Nereden geldiğimiz belli. Nereye gideceğimiz ise meçhul…..
Toplum olarak içinden geçtiğimiz günleri düşünüyorum.
Kişisel fikrim, çürümüşlüğün bizi hızla içine çektiği bir zamanın içinde olduğumuz yönündedir.
İlginç olan ise çürümüşlüğün tavandan tabana değil, tabandan tavana doğru yayılmasıdır.
Nereden geldiğimizin belli, bu zihniyetle nereye gideceğimizin meçhul olduğu bir yolculuktayız.
Ne toplumsal çıkarımızın ne olduğu belli, ne de bu çıkar uğruna izleyeceğimiz yol.
Devlet kelimesinin sözlük manasına baktığımız zaman; ‘Toprak bütünlüğüne bağlı olarak siyasal bakımdan örgütlenmiş ulus veya uluslar topluluğunun oluşturduğu tüzel varlık’ tanımlamasını görüyoruz.
Gelin, toplumsal çıkarların ve stratejik ortaklıkların devletlerin kuruluşunda ve yön belirlemelerindeki bazı örneklere bakalım.
Bugünün dünyasının süper güçlerinden Amerika Birleşik Devletlerinin kuruluşu, Amerika’da yerleşik 13 İngiliz kolonisinin, Büyük Britanya İmparatorluğu’ndan kopmak, bağımsızlıkları ve refahlarını geliştirmek istemleri sonrasında, 1775-1783 yılları arasında gerçekleşen Amerika Bağımsızlık Savaşı sonrası yapılan, Lee Kararı olarak da bilinen, mutabakata dayanıyor. Devam eden zamanda, en son olarak 1959 yılında Alaska ve Hawai’nin katılımı ile bugünkü halini alan Amerika Birleşik Devletleri, 50 farklı devleti, federal bir yapı ile birbirine bağlayan şeklinde geldi. Birleşmenin ve genişlemenin merkezindeki cazibe ise güç ve menfaat.

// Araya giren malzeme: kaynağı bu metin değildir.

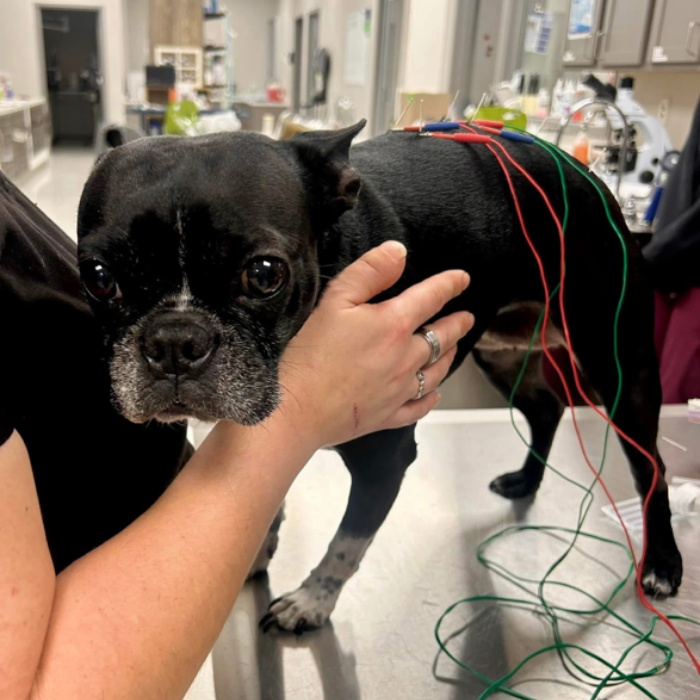 dog acupuncture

ABD’den sonra, dünyanın ikinci en büyük ekonomisi ve güç odaklarından Avrupa Birliği’nin kuruluşuna döndüğümüzde, 1870-1945 yılları arasında üç kez, kanlı bir şekilde, birbirleri ile savaşan Fransa ve Almanya’nın da aralarında bulunduğu, 1951 yılında “Avrupa Kömür Çelik Topluluğu” olarak 6 üye ülke (Belçika, Federal Almanya, Lüksemburg, Fransa, İtalya ve Hollanda) ile Rusya’ya kömür ve enerji bağımlılığına karşı başlayan, daha sonra da 1957 yılında Avrupa Atom Enerjisi Kurumu’na dönüşen ve sürekli gelişimi sonucu bugünkü 27 üye ülkeli Avrupa Birliği halini almıştır. AB’nin temellerinin atılmasında, Avrupa ülkelerinin enerji ihtiyacının karşılanması ve sürekliliğinin sağlanmasının çok önemli olduğu görülmektedir. Türkiye’nin de AB ile yürürlükte olan gümrük birliği ve enterkonnekte enerji anlaşması devam etmekte. Birleşmenin merkezinde ise yine güç ve menfaat.
OPEC (Petrol İhraç eden ülkeler örgütü) 1960’da Irak’ta, başkent Bağdat şehrinde toplanan 5 üye ülkenin (Irak, Suudi Arabistan, Venezuela, Kuveyt ve İran’la başlayan sonrasında, üç kıtadan, 9 üye ülkenin (Birleşik Arap Emirlikleri, Libya, Nijerya, Katar, Cezayir, Angola, Gabon, Endonezya ve Ekvator) daha birleşerek meydana getirdiği ve dünya üzerindeki petrol rezervlerinin üçte ikisini elinde bulunduran dünyaya petrol ihraç eden bir konfederasyondur. Ortak amaç petrol fiyatlarındaki koordinasyon ve istikrar ile ortak kazancın muhafazası. Özetle, menfaat yine merkezde.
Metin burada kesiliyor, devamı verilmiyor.